Book 2, Chapter 14
No more checkpoints. Uneventful, straight tarmac all the way.
I’m starting to really get the shits with the bike; the oil level indicator or “sight glass”, which lets you look into the sump to see the oil level is driving me nuts; I’ll do identical oil level tests on perfectly level road, and one test will show that the oil sump is brimming full, the next will show that it’s bone dry.
I’ve got fuck all idea what the true, correct reading is, and so I don’t know if it’s overfull or if it’s empty or if it’s Goldilocks. And there’s oil hosing out of the motor all the time.
I need to know how much oil is left. It scares me.
Buchanan's an unremarkable port hole. I'd like to ride further, but I can't.
After shacking up in a shitty hotel (that's not a brothel) I go walkabout, and chat to as many people as I can about where I should go next.
Two hundred clicks straight down the coast.
There are two routes: a straight line, or, a 600km inland detour.
All my maps have the straight road dead-ending at a river...
And no one can tell me if there are bridges or canoes there to get me to the other side.

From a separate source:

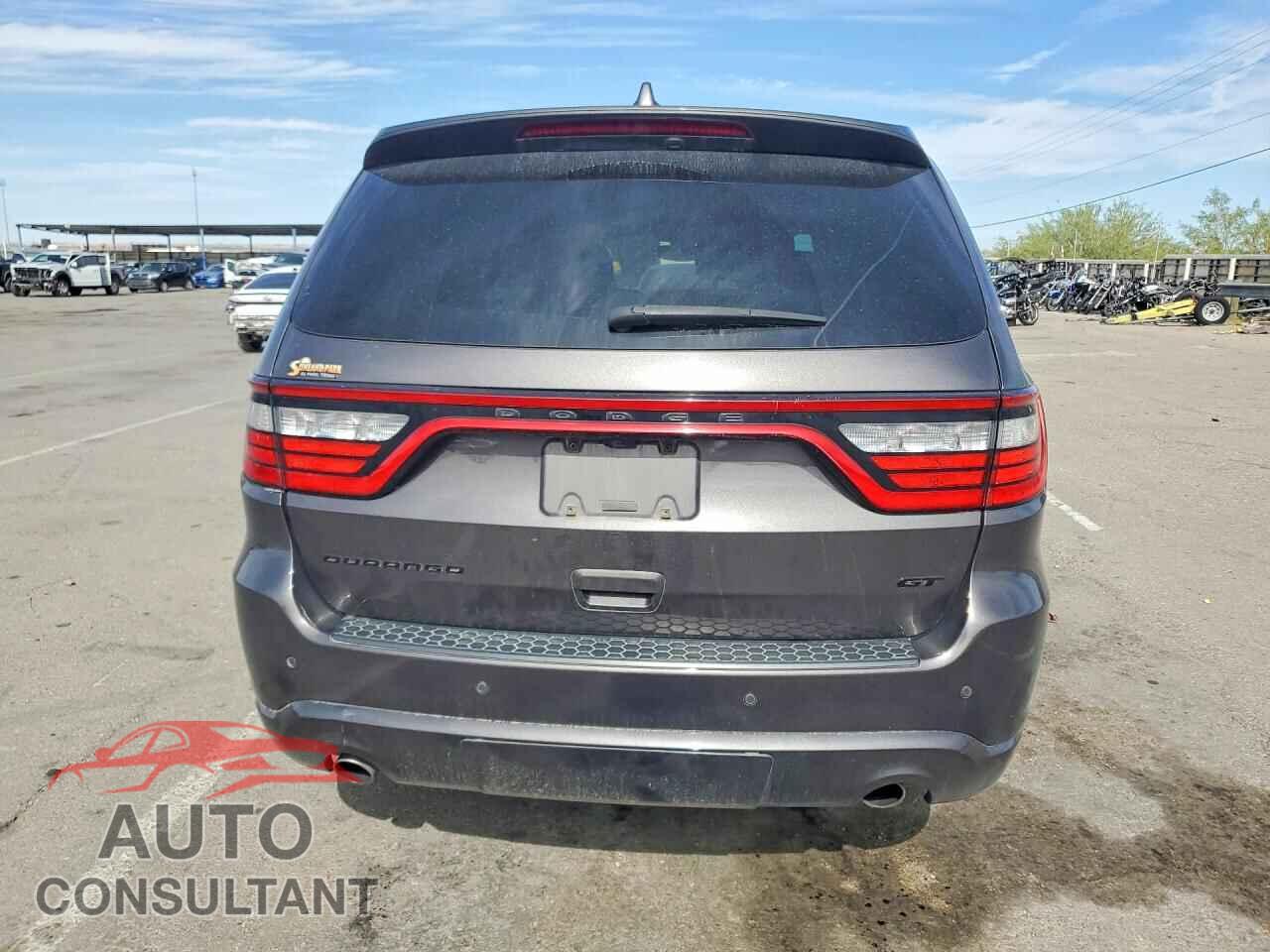 DODGE DURANGO 2021 - 1C4RDHDG7MC572852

The 600km detour is a sure thing; with multiple people confirming it's do-able.
I’m not thrilled about turning a one day trip into a three day fuckabout.
I find a tin shack restaurant and continue my enquiries over lunch, which is mysterious meats in some sort of stew with rice.
Pretty gnarly stuff. Flies everywhere. But it’s popular with the locals so it’s popular with me.
Maybe not so popular...
As I lie in bed for a siesta my guts are roiling. They won't let me sleep.
I don't know if it's lunch, or just a Monrovian hangover.
I feel green with nausea.
I could easily chuck it all up - anytime I want - and send myself back to square one. But this feels important. I don't think I will manage if I chuck up another day's food; I'll just stop working.
So I hold it down, and give it a chance to ingest something.
I've kept it down so far, but I've got tangy burps, and I don't know how long I can hold out.
My guts are moving in a way that indicates something violent is imminent. And I don’t mean throwing up either...
I get up and look in the mirror.
I look like I should, I guess, which is to say I look like dogshit.
I want to stay another day in Buchannan but, more than that, I still feel an overwhelming urge to escape. To run away.
I ignore the warning signs, load up the bike, and roll the dice.
My furious gut plus the shaking of the bike start whipping up their perfect storm.
In an act of pragmatism I skip breakfast; I don’t want to give myself any more ammunition.
I leave Buchannan, and take the road for the six hundred kilometre detour.
Tarmac quickly turns into a single-laned, well-graded red dirt track.
Gone are the endless rows of plantations, replaced with a sparse, green forest that creeps in on the roadside.
Sometimes the trees canopy over the track to give some shade, sometimes I'm open to the cloudy sky above.
There's the very seldom village, and in each village there are young topless women, painted white.
I hardly notice any of this.
I’m a man on a mission.
Eyes on the prize as I chop down the road, destroying the serenity as I smash around in top gear.
I’m all negativity; flying in a mad rush to get to nowhere in particular.
I’m in such a hurry that the only times I ever stop are when my bowels tell me that won't wait another second. Or I’m stopped at a checkpoint...
Never trust a fart in Africa... Or the police...
I'm not sure which I dread more.
But both turn out to be non-events; I squatted in the forest and let go of one of my top farts of all time; a spectacular ten second duration which somehow managed to stay dry, to great surprise and delight; and the checkpoint officials being all smiles and handshakes and well wishing.
After about six hours in my head and two hundred clicks on the clock I find myself in a big enough small village to know I’m a good chance at finding somewhere to eat and sleep. Saclepea.
It's a long way between viable villages, so I call it a day.
An average speed of 33km/h doesn’t sound like a lot, but with breaks included and on a dirt road with a Royal Enfield that’s pretty good going. I’m satisfied with that.
And I didn't shit my pants, or vomit. Not even once.
Sweet baby Cheeses, they have a shower. My own fucking shower.
The shower rose is the size of a dinner plate.
I strip down and jump in immediately.
It feels like I'm caught in a deluge. Like I'm standing under a thundering, cool waterfall.
I could happily drown.
After an unknown amount of time I call it.
I go and lie down on my real mattress. With clean sheets.
I get up and go take another shower.